• Furiously my heart bounced back and forward in my rib cage, sweat poured out of every pore on my body, and my eyes fluttered forcefully into a dulling pain. Everything felt as if someone has set me on fire and I knew my time was up. I was frightened as my heart tempted to give out. I gritted my teeth and shut my eyes even tighter as I began seeing my life flash before me. The last picture I saw was a boy so handsome it almost hurt emotionally as physically the pain. I couldn't remember his name and that seemed to make me panic more than being on the verge of dying. WHAT WAS HIS NAME?! I cried out in my thoughts. Johnny? NO! Jack? NO! Oh yeah, Jonathan!

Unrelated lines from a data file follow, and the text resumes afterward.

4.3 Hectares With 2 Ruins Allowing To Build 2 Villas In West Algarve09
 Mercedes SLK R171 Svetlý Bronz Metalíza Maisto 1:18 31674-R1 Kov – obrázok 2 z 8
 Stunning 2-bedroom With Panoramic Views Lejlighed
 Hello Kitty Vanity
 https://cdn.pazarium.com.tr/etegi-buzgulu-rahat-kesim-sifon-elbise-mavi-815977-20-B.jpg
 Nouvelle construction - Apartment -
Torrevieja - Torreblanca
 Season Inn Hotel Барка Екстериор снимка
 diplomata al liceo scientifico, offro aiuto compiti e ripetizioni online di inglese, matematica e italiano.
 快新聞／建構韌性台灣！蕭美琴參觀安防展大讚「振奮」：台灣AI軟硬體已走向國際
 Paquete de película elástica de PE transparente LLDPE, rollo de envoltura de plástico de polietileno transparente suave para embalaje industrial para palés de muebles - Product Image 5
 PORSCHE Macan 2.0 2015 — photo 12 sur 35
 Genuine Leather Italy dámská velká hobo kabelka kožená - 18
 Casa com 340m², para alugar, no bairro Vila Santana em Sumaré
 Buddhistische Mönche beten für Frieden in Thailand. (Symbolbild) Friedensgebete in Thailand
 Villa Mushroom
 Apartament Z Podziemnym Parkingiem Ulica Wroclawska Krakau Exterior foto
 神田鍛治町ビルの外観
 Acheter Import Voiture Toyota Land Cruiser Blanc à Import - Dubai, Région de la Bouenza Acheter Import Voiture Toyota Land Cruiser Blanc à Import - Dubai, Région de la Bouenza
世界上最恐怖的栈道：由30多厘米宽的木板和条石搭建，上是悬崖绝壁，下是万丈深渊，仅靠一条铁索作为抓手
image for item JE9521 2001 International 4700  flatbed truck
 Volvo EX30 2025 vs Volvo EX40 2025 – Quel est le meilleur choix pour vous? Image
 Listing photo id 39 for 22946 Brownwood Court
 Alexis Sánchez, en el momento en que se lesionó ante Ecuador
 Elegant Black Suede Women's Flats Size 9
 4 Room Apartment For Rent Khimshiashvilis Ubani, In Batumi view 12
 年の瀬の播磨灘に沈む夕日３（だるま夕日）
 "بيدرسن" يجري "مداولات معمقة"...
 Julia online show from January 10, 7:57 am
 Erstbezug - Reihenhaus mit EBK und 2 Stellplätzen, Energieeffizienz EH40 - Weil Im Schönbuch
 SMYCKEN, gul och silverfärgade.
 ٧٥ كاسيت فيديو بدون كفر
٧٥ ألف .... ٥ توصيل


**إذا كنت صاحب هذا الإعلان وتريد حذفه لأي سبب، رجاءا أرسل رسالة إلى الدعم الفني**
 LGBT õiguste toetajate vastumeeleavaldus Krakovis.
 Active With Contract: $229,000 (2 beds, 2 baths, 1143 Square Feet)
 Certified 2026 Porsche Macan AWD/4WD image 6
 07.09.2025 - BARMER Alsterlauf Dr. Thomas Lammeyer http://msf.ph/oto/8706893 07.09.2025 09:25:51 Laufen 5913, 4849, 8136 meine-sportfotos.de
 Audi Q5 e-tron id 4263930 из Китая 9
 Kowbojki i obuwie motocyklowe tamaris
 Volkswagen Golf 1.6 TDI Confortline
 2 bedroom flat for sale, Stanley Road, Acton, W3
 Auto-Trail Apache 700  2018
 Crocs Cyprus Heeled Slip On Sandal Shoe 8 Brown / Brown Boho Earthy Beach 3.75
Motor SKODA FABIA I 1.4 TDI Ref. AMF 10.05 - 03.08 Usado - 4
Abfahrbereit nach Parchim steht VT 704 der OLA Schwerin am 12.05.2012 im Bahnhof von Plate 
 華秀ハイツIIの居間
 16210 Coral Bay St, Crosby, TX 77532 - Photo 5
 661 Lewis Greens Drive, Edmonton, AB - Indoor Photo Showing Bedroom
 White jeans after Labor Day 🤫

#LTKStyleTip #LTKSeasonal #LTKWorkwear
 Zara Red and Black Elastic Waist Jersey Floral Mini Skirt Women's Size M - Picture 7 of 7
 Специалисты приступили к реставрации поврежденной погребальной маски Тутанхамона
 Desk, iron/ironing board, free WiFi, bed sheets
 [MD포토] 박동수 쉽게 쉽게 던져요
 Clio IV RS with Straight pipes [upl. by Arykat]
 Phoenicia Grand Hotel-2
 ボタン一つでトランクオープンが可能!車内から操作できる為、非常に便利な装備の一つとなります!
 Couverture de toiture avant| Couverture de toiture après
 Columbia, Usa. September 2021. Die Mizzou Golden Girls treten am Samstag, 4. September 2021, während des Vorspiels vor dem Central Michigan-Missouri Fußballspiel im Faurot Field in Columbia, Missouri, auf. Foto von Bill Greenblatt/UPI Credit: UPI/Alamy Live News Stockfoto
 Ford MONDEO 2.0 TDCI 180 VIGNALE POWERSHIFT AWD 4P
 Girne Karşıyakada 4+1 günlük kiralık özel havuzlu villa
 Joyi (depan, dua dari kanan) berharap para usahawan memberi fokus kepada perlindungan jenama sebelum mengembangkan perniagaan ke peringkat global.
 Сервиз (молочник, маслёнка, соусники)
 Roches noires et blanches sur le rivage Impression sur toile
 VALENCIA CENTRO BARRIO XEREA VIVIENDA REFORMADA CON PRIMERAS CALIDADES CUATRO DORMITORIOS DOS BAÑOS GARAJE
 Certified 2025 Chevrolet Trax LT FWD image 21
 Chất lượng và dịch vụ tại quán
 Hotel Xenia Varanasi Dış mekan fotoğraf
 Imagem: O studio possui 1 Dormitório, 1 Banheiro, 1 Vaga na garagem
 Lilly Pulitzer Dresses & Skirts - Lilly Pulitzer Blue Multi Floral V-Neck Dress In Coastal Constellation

    «JONATHAN!» my voice broke out hoarse and high.

    Saying his name felt like a relief from all this pain. At last I felt in piece and I let my heart go out like a candle. Bye, I thought to myself, I will see you again one day. I slowly drifted away into the darkness and remembered the handsome young man. I will never forget you, I said even though I only reminded myself, I will never forget you.

    I woke up, strangely feeling empty and painless, and stood up from the location I lay. I looked at myself and then noticed that I was awkwardly clean. I don't remember anything that happened the night before and I can't remember who I am or why I'm here. Some how this all felt familiar but nothing cam to mind. I dusted myself off and decided to walk around and look for anybody. I wonder through the mere 6 bedroom house and nobody seemed to even breathe around here. Every inch of the house was covered in thick dust and the furniture was all covered in white sheets. I decided to snoop around the basement but my surprise I didn't even need to open the door because I went through like some kind of ghost.

    Then it hit me. OH NO, I'M A GHOST! I was really dead! How? I don't know! When? I had no clue! I ran to the way back and opened the first boxes I saw. I found portraits and family and then me. looking at how old this stuff looked and decayed I must have dead for more than a century! I wanted to die even though I was dead. I ripped open boxes and boxes until I came upon my records and more pictures of me.

    Birth Certificate:
    name: Scarlet Mc Beth, Ross
    born: Septemeber 21, 1887

    After that I couldn't read anymore. A immense headache clouded my head as memories little by little formed back into my skull. AHHHHHHH! I screeched as ever memory and even thought burned back into my skull. I could feel my brain on the edge on fire until it stopped to the day before my death. I lay in the dark basement crying. How did I die? what happened to me? so many questions swam around my mind. I began to dig in that box the painful memories of what I had before it was all taken away. Than I saw a picture of Jonathan.

    Jonathan, oh my fiance! I cried and I knew i desperately wanted to see him. I ran straight through the doors of the house until I finally reached the front door. I couldn't go straight through it so I tried to open it. As I opened the door there was no outside just a parallel universe with no ending. the house was surrounded in darkness. I wailed and begged and shouted. in was stuck here forever. I sulked slowly to my fiance' s room to see his pictures and his memories. surprisingly I saw something I didn't see before.

    A small diary stuck out of a floor board. I read the last entry of his journal.:

    She was my beloved, she was my love but I had to do it. I had to! If I didn't she would have left me for another man. that man named Jonathan! I Daniel will not stand for this! she must love me or die without me. I'm going to poison her food tonight. I love her too much to see her with another man.

    Daniel? My best friend?! I mourned sourfully.